RFC 8142: GeoJSON Text Sequences

Sean Gillies

2017-05-18 10:22

RFC 8142 is the second and final deliverable of the IETF's GeoJSON working group. It standardizes sequences of GeoJSON texts and and a media type you can use to tell receivers "here comes a sequence of GeoJSON Feature objects, not a GeoJSON FeatureCollection." This is useful because a GeoJSON feature collections must be read in its entirety before it can be parsed [1]. It's a blob. A text – not binary – blob, but a blob nonetheless. A FeatureCollection becomes unwieldy as the number of features increases. Dynamic feed-like streams of features (consider a stream of OSM edits or stream of features extracted in real time from imagery) also need a different kind of representation from a static array of Feature objects.

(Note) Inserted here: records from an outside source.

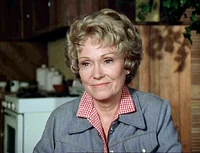 HelenElgin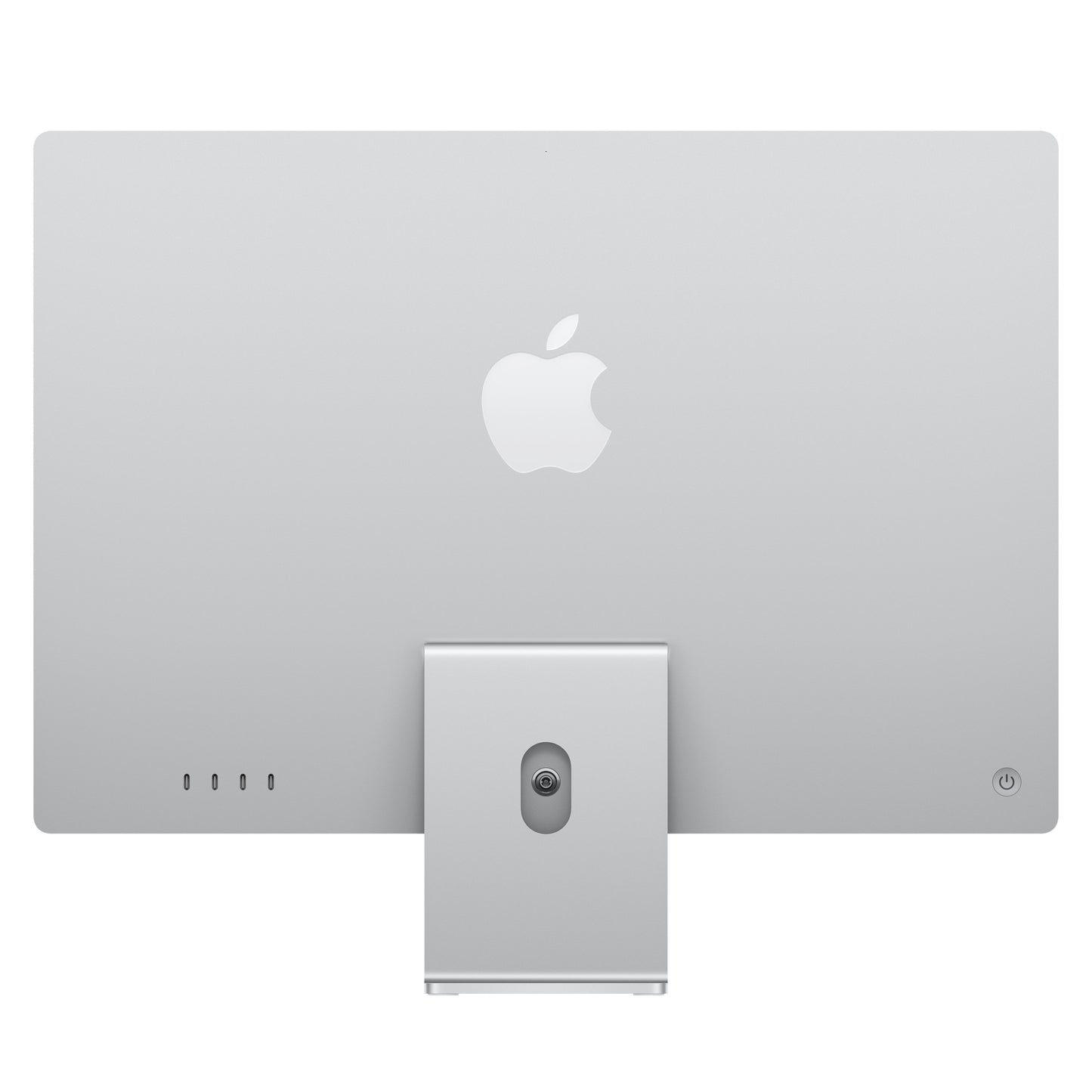 iMac_M4_Pro_Chip_4-port_24-in_Silver_PDP_Image_Position_2__ja-JP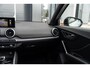 Audi Q2 35 TFSI S Line Leder|Cam|Nardo|Keyless|Pano|BOMVOL!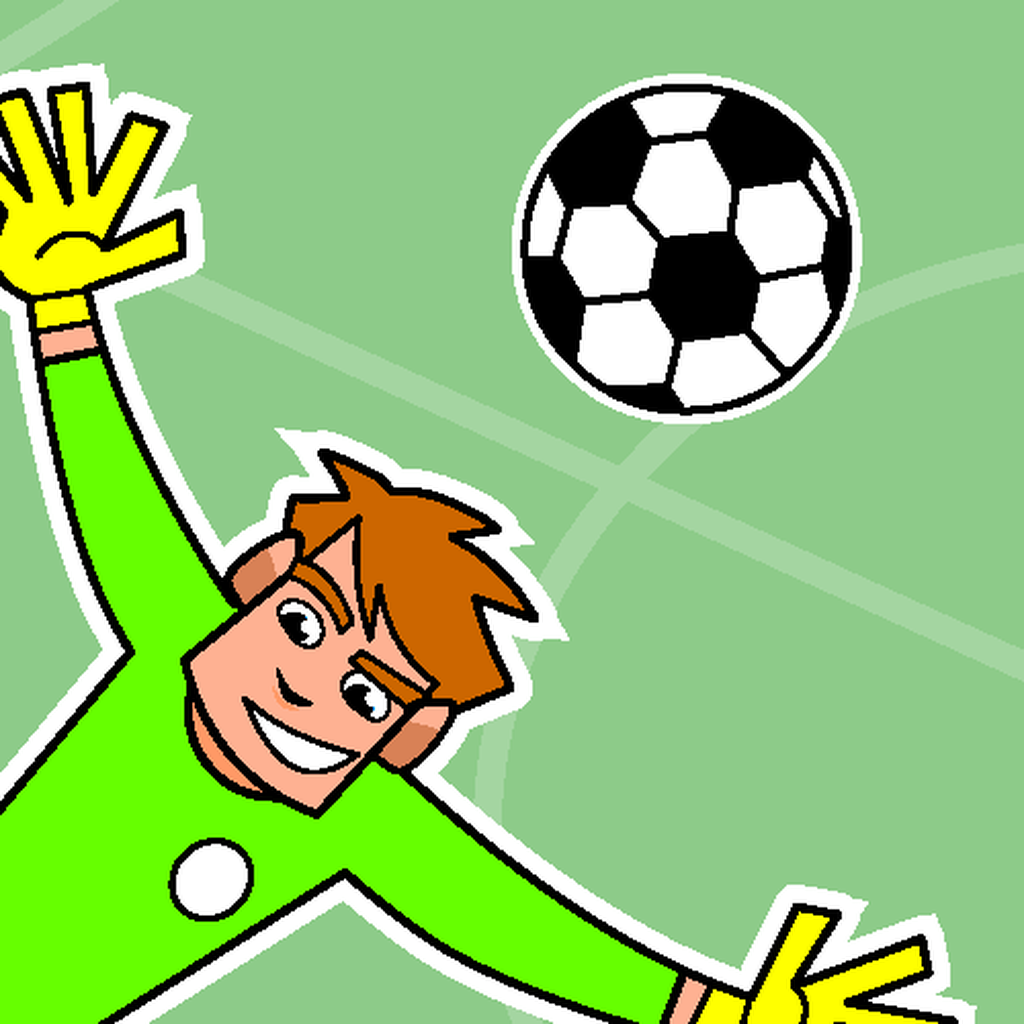 Get World Cup Soccer for iOS, iPhone, iPad Aso Report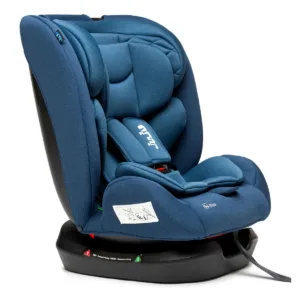 Scaun auto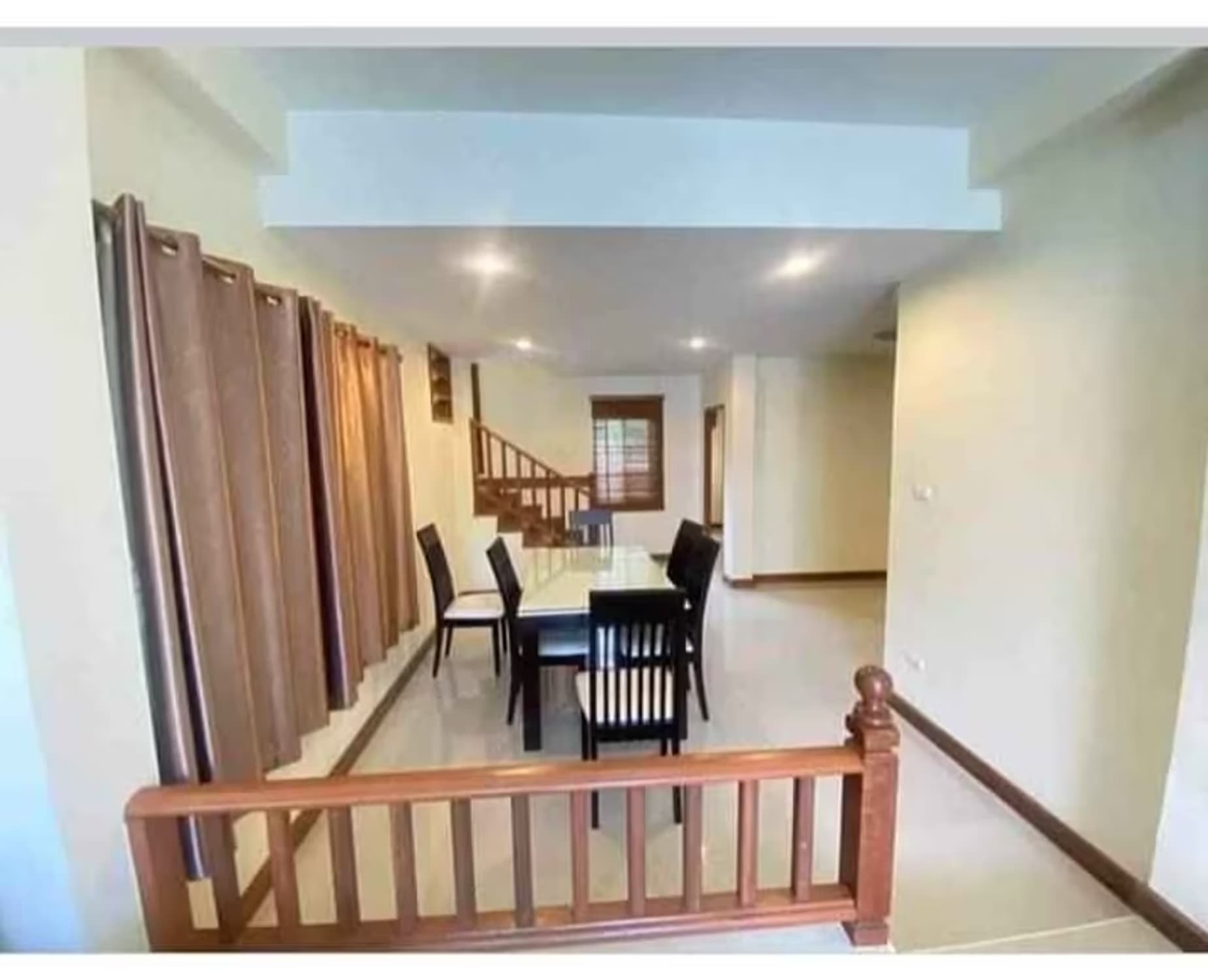 House for Rent in Nong Chom, San Sai. - Image 6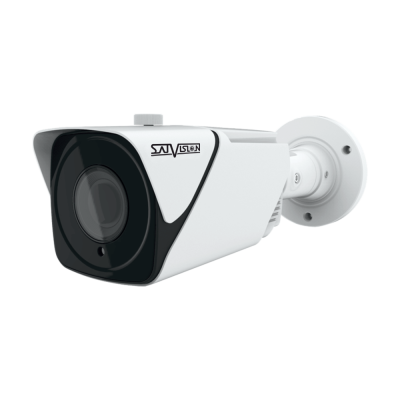 Видеокамера SVI-S923GM SD SL v2.0 2Mpix 5-50mm Видеокамера SVI-S923GM SD SL v2.0 2Mpix 5-50mm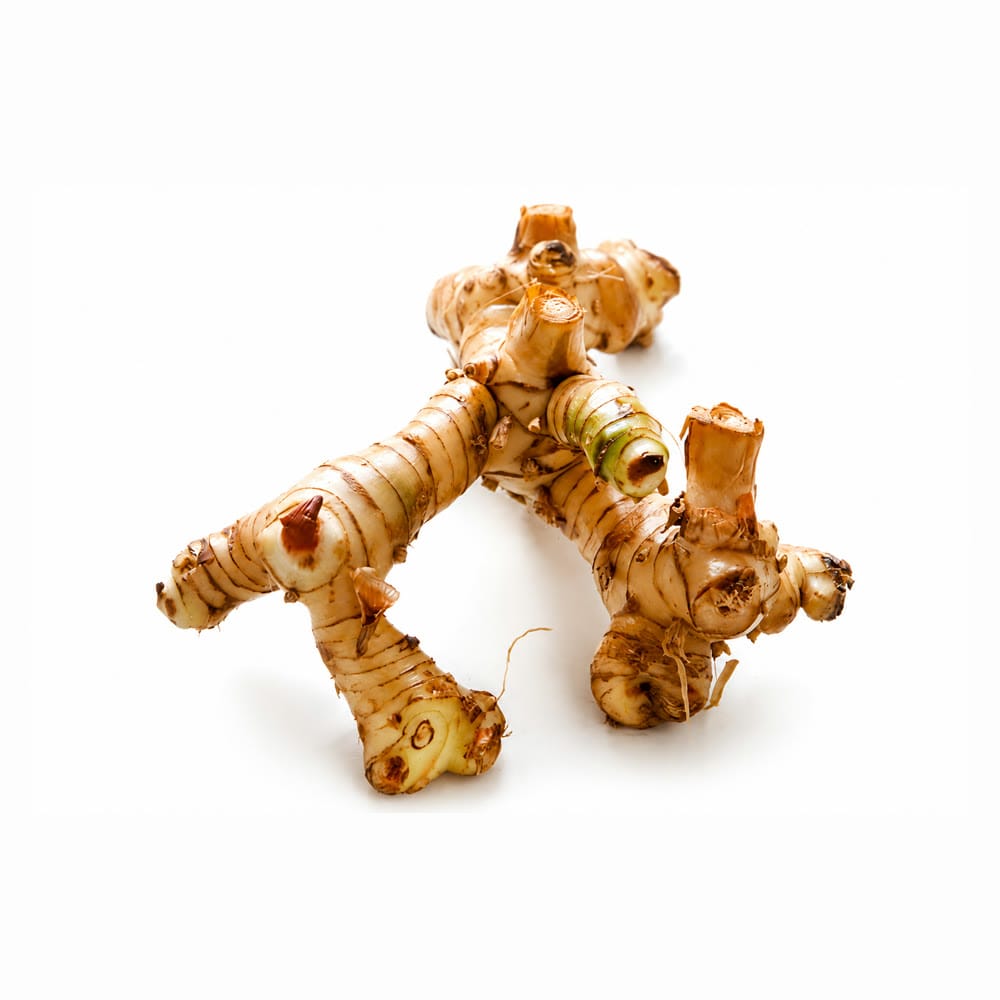 Thai Galangal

Newline-delimited sequences of GeoJSON objects are being employed by some projects, including a few at Mapbox. In a newline-delimited sequence the individual features must use a compact form. No pretty-printed features are permitted. If you're aggregating features produced by other services, you must parse them and reserialize them in compact form.

RFC 8142 describes a format for sequences of features that may be compact or pretty-printed. Mixed sequences are also possible. The trick is that every sequence item must begin with an ASCII Record Seperator (RS), 0x1E, and end with a newline. Two delimiters. The first allows formatted, pretty-printed texts within a sequence, the latter guards against truncated sequence records. That's it. There's not a lot to RFC 8142 other than this and the definition of a new internet media type to mark this kind of data stream.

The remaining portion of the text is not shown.